(Dataset excerpts)
⁂
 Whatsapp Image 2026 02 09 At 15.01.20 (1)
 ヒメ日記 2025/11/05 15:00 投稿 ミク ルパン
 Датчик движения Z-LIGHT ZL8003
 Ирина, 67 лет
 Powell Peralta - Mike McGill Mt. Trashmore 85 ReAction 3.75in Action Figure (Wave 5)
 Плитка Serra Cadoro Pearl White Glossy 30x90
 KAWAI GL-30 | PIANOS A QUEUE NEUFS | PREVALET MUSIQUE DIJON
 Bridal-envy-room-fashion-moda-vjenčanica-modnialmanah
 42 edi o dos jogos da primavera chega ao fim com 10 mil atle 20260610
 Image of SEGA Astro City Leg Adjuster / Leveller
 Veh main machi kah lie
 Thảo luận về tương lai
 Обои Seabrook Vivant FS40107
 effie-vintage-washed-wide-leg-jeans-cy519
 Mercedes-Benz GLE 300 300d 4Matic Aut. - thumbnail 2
⁂
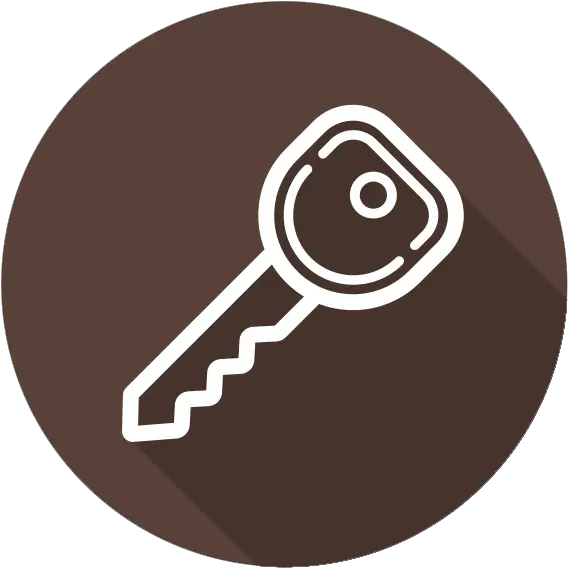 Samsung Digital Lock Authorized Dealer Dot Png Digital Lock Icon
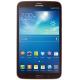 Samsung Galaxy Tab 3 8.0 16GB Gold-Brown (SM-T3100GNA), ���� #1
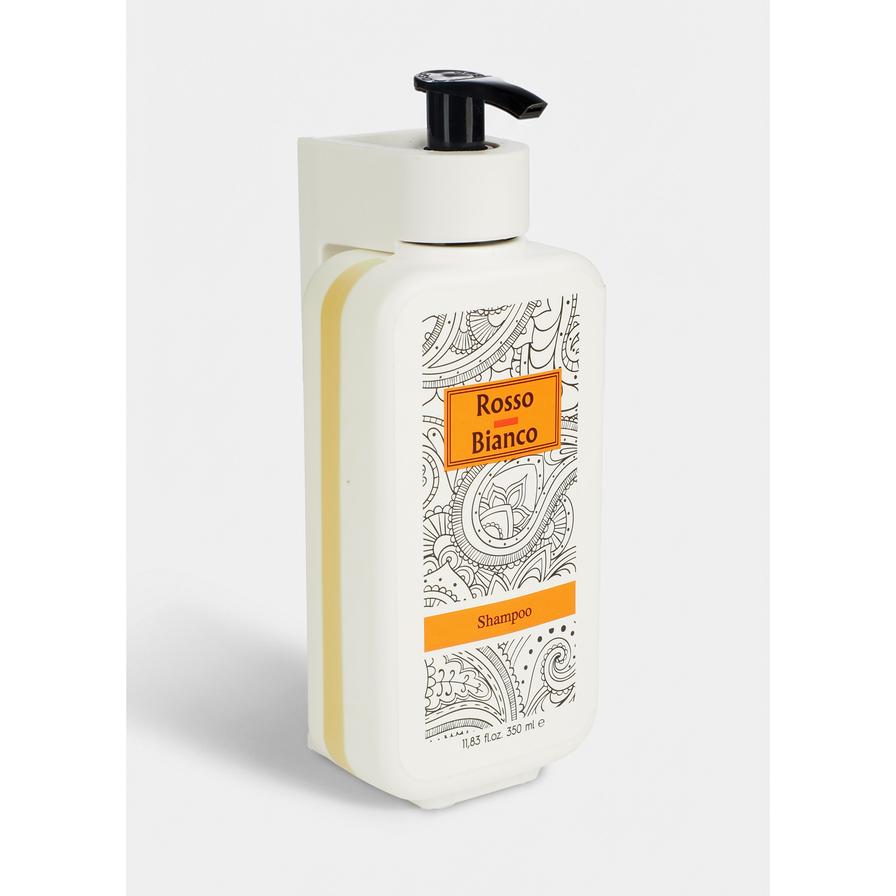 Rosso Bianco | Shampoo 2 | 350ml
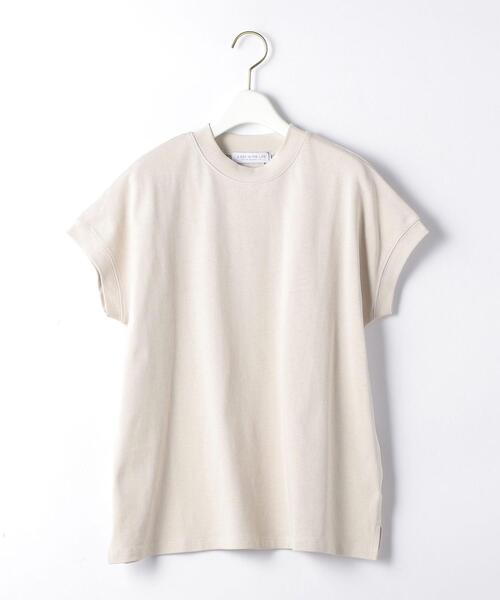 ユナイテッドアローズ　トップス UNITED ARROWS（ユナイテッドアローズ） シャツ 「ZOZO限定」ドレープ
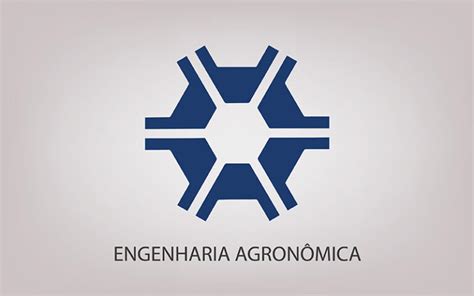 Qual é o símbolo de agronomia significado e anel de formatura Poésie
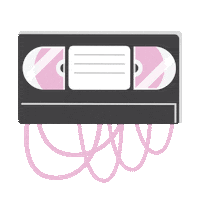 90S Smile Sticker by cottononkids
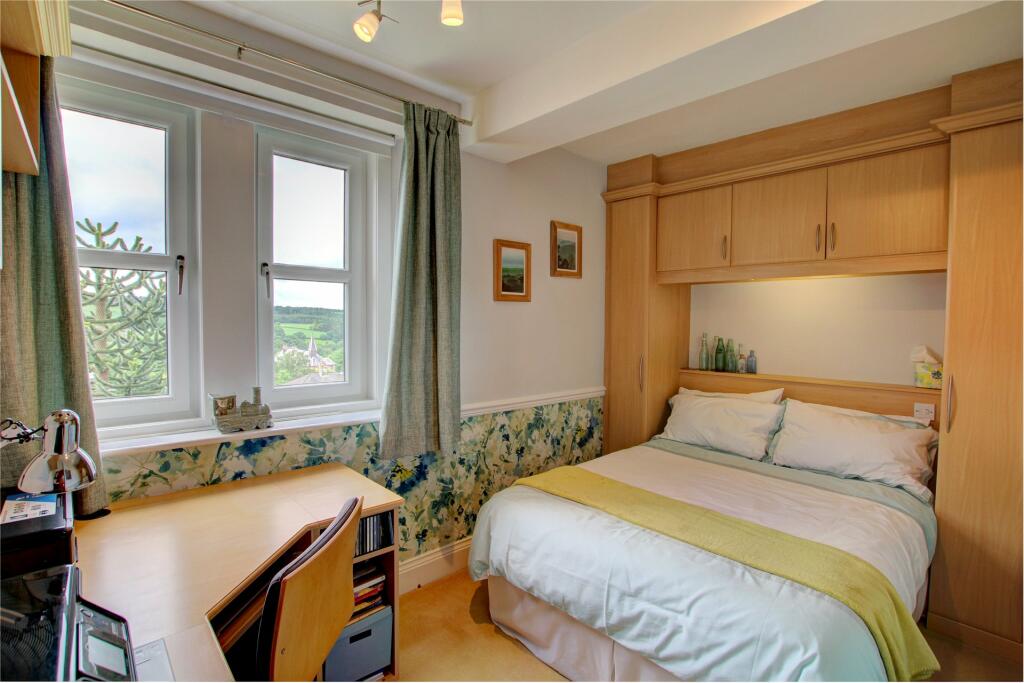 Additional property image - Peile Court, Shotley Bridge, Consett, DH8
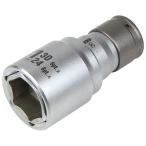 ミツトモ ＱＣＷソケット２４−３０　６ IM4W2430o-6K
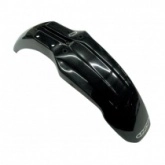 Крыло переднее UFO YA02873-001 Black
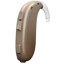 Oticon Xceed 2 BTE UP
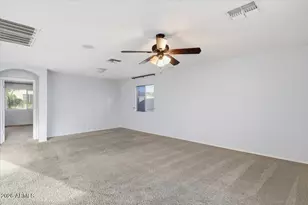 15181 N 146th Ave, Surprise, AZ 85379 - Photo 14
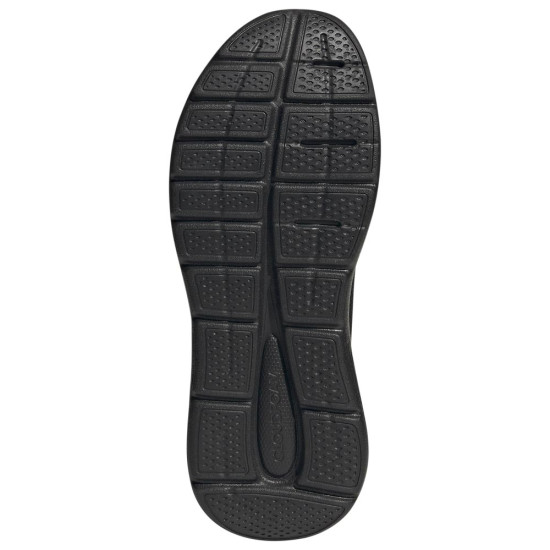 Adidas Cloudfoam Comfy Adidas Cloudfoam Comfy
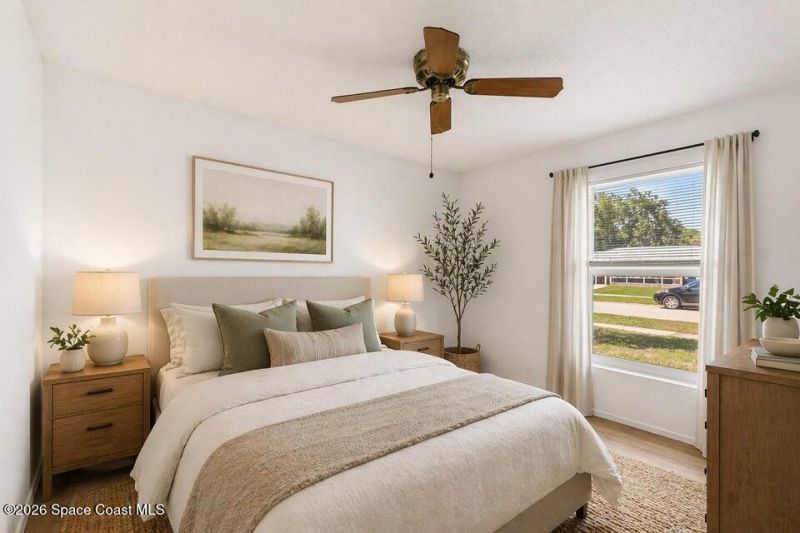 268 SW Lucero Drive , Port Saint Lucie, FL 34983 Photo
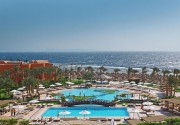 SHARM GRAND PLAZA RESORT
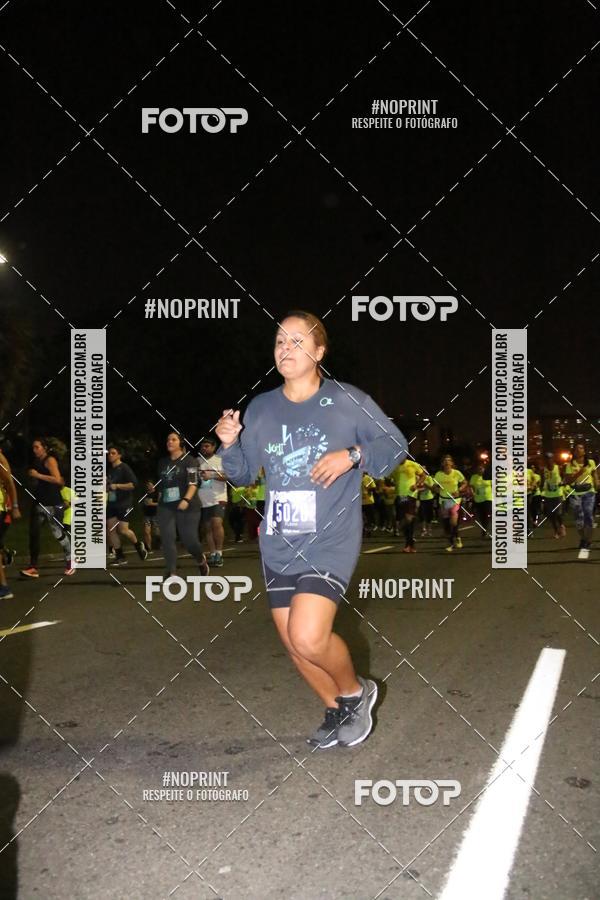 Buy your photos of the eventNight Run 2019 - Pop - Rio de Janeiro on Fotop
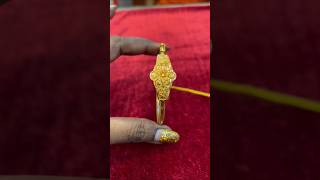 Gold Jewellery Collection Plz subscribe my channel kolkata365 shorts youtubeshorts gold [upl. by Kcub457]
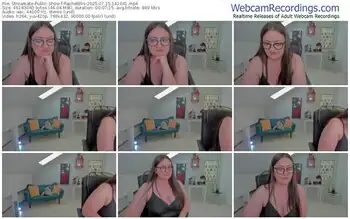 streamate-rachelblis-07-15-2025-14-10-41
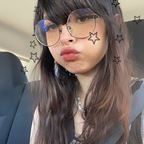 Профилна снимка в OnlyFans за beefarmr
⁂
» TASK STATEMENT
Working from the data above, repeat exactly, and only, the lines that begin at the line containing "Samsung Digital Lock" and stop after the line containing "Профилна снимка в OnlyFans за beefarmr"; pictures are not copied.

» SOLVED EXERCISE
 Samsung Digital Lock Authorized Dealer Dot Png Digital Lock Icon
 Samsung Galaxy Tab 3 8.0 16GB Gold-Brown (SM-T3100GNA), ���� #1
 Rosso Bianco | Shampoo 2 | 350ml
 ユナイテッドアローズ　トップス UNITED ARROWS（ユナイテッドアローズ） シャツ 「ZOZO限定」ドレープ
 Qual é o símbolo de agronomia significado e anel de formatura Poésie
 90S Smile Sticker by cottononkids
 Additional property image - Peile Court, Shotley Bridge, Consett, DH8
 ミツトモ ＱＣＷソケット２４−３０　６ IM4W2430o-6K
 Крыло переднее UFO YA02873-001 Black
 Oticon Xceed 2 BTE UP
 15181 N 146th Ave, Surprise, AZ 85379 - Photo 14
 Adidas Cloudfoam Comfy Adidas Cloudfoam Comfy
 268 SW Lucero Drive , Port Saint Lucie, FL 34983 Photo
 SHARM GRAND PLAZA RESORT
 Buy your photos of the eventNight Run 2019 - Pop - Rio de Janeiro on Fotop
 Gold Jewellery Collection Plz subscribe my channel kolkata365 shorts youtubeshorts gold [upl. by Kcub457]
 streamate-rachelblis-07-15-2025-14-10-41
 Профилна снимка в OnlyFans за beefarmr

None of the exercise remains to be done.